Thursday, November 19, 2009


Our school lost a good teacher today.

Questions are integral to my job, but today I fielded questions I couldn't answer. Why did this happen? She wasn't old. She didn't seem sick. She was just here in her classroom. Why?

I don't know why.

When I lost my mom to cancer, I asked the same question. Why? Seven years have passed, and I still can't answer it. I don't imagine I'll ever have the answer.

I have learned from the experience, and that's what I shared with my students. Sometimes things happen out of the blue with no rhyme or reason. We can do our bests to lead healthy lives, but sometimes genetics or plain bad luck kicks us in the teeth. Moments like today are an inevitable part of the human experience.

What do we do about it? We love each other every day. We lift each other up at every opportunity. We take a breath and reach for patience when we want to bite someone's head off. We thank the people who have gone out of their way to help us, and we apologize to the people we've hurt. We use the moments we have to do the best we can.

Our lives are short, but we have the power to extend our influence well beyond our allotted days. Hundreds of students have been changed for the better because of one good teacher. Those students have gone on to great things, and they've influenced more people...ripples in a big pond.

I don't know why this terrible thing happened. I can only strive to make my ripples...count.

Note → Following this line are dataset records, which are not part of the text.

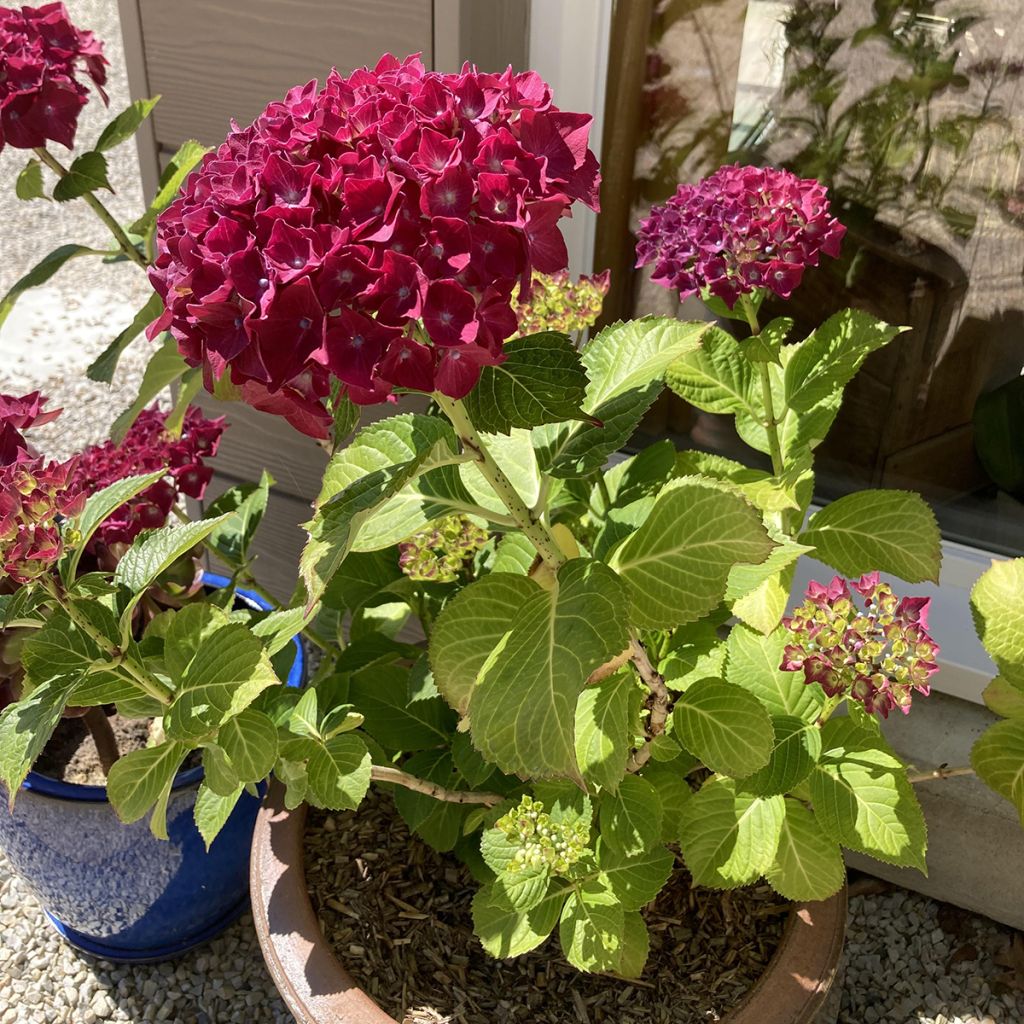 Hydrangea macrophylla Beautensia Dali - Bolhortensia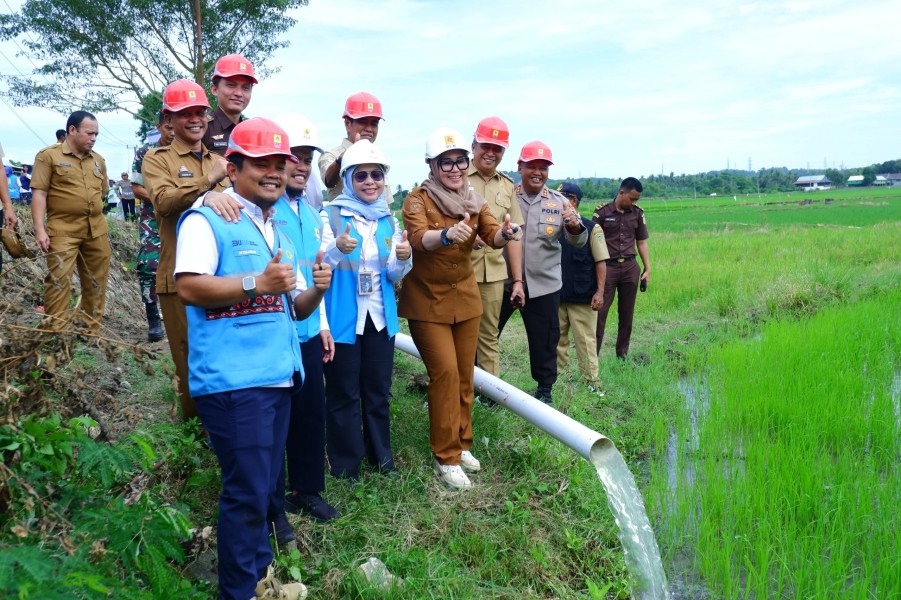 Hemat Biaya, Listrik PLN Tingkatkan Produktivitas Petani Barru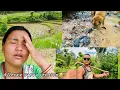 Download Lagu Hamro dog gangle khatra haunting gardiyo..Mero buda je garda ni ramro😃￼#siruthapamagar#vlog#dogs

  1. While I don't know the circumstances, I can feel the pain of your loss. My wife's father is dying of cancer, with probably less than three months to live. Even though he's always been distant, we finally had to tell my boys (age 10 and 5). Children have an amazingly strong bond to their grandparents, even though they have only spent very limited amounts of time with him. Their pain right now is very real. They are losing a man they love, and quite sadly, is totally undeserving of it. But that's a story for another day.

    The pain you have has to be worse - this is someone who has contributed so much, and cut down far too early. Perhaps the questions tell us more than answers ever will.

    Take care - fight the good fight - do what's right and noble while life allows. And above all, love.


  2. Thanks Carl. My boys were 11 and 8 when my mom died, and they were very close with her. It's impossible to explain something to them that you don't understand yourself. You're absolutely right...all you can do is love.